Huzna mengingatkan, walau terbuat dari nabati, minyak goreng tetap mengandung asam lemak, baik asam lemak tak jenuh maupun asam lemak jenuh. Jika dikonsumsi secara berlebihan, keduanya pun bisa menimbulkan hal negatif bagi kesehatan. Misalnya, kolesterol dan penyakit jantung.



Kiat dalam Menggoreng

Menggoreng adalah pekerjaan yang biasa dilakukan dalam memasak. Namun jika dilakukan dengan benar, selain mendapatkan hasil gorengan yang sempurna, penggunaan minyak goreng pun jadi lebih efisien. Berikut ini ada beberapa tips dari Purwiyatno Hariadi, Direktur SEAFAST Center.

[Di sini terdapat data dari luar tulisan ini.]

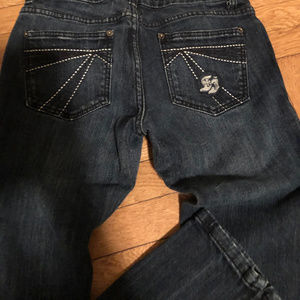 Spoon Dark Wash Jeans - Juniors 9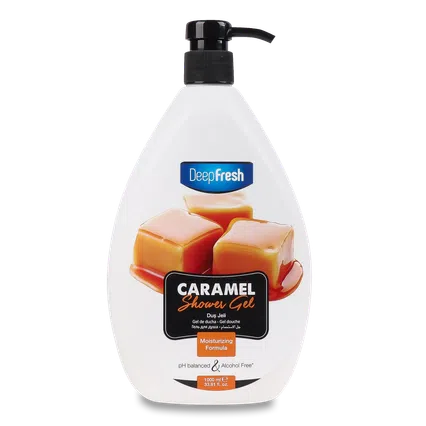 Гель для душу DeepFresh Caramel, 1000мл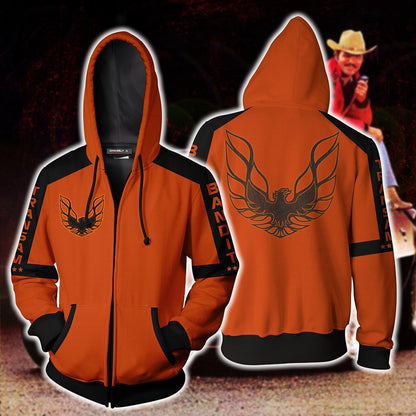 Smokey And The Bandit New Look Zip Up Hoodie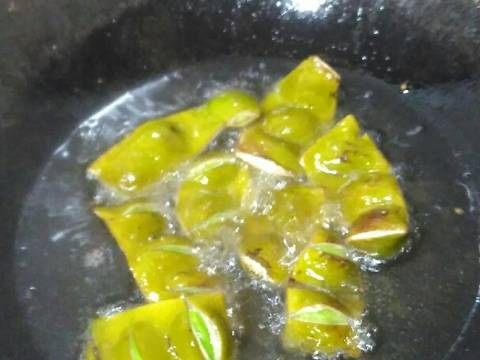 Biawan panggang,petai,sambal tomat mentah(Banjarmasin) recipe step 3 photo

* Cuci, bersihkan, dan keringkan wajan penggoreng dengan baik. Pastikan bahwa wajan tidak lagi mengandung sabun atau detergen. Sebab, walaupun hanya sedikit, adanya sabun atau detergen akan menyebabkan terbentuknya busa dan gelembung udara selama proses penggorengan. Hal ini akan mempercepat proses kerusakan minyak.

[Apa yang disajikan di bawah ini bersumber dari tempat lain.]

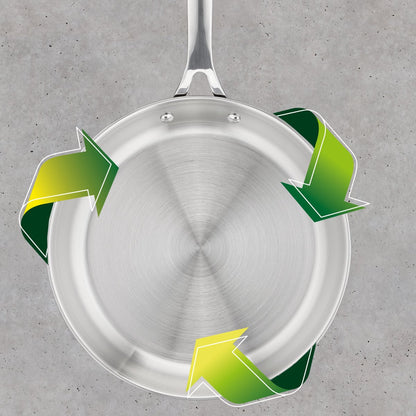 Jamie Oliver by Tefal Cook Smart Koekenpan 28 cm - RVS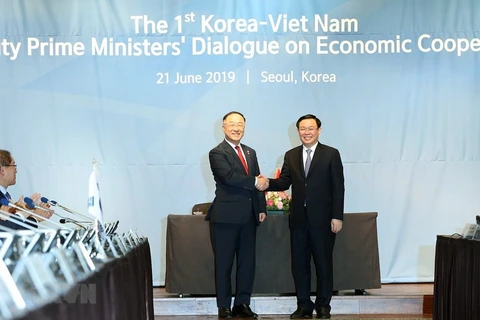 Vietnam, RoK hold first deputy PM economic dialogue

* Keringkan atau tiriskan dengan baik produk pakngan yang akan digoreng. Air yang berlebihan pada produk pangan yang digoreng akan mempercepat kerusakan dan ketengikan minyak goreng. Adanya air juga dapat membahayakan karena bisa menyebabkan percikan minyak panas yang dapat menyebabkan kerusakan kulit, bahkan kebakaran. Untuk produk pangan beku, sebaiknya dilelehkan dan ditiriskan lebih dulu sebelum digoreng, kecuali untuk produk yang tidak banyak mengandung air, misalnya kentang.

* Pada proses memasak, panaskan minyak lebih dulu sebelum dimasukkan bahan pangan yang akan digoreng. Hal ini akan mempersingkat waktu produk pangan tersebut tercelup dengan minyak sehingga mengurangi jumlah minyak yang terserap pada bahan pangan tersebut.

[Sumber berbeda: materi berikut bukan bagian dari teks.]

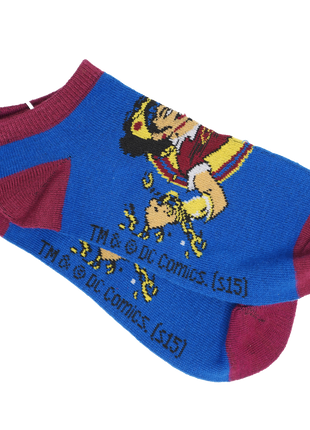 Wonder Woman Ankle Socks *LAST CHANCE*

* Hindari menggunakan minyak yang telah digunakan secara berlebihan (suhu terlalu tinggi, waktu terlalu lama, atau penggunaan jelantah yang telah berulang kali) untuk menggoreng makanan.

* Setelah menggoreng hendaknya minyak didinginkan. Setelah minyak dingin, lakukan penyaringan dengan kain saring (saringan tahu) atau penyaring halus lain. Penyaringan akan menghilangkan sisa produk pangan yang gosong serta akan memengaruhi perubahan warna dan cita rasa.

* Simpan minyak goreng bekas pakai yang telah disaring pada tempat yang bersih. Letakkan di tempat yang gelap dan sejuk (lemari es). Minyak yang dibiarkan terbuka akan terkontaminasi udara bebas sehingga mudah tengik.

* Jika akan digunakan lagi, tambahkan sedikit minyak yang masih segar supaya jumlahnya mencukupi. Dengan cara ini, minyak dapat digunakan untuk menggoreng sampai 4 atau 6 kali periode penggorengan.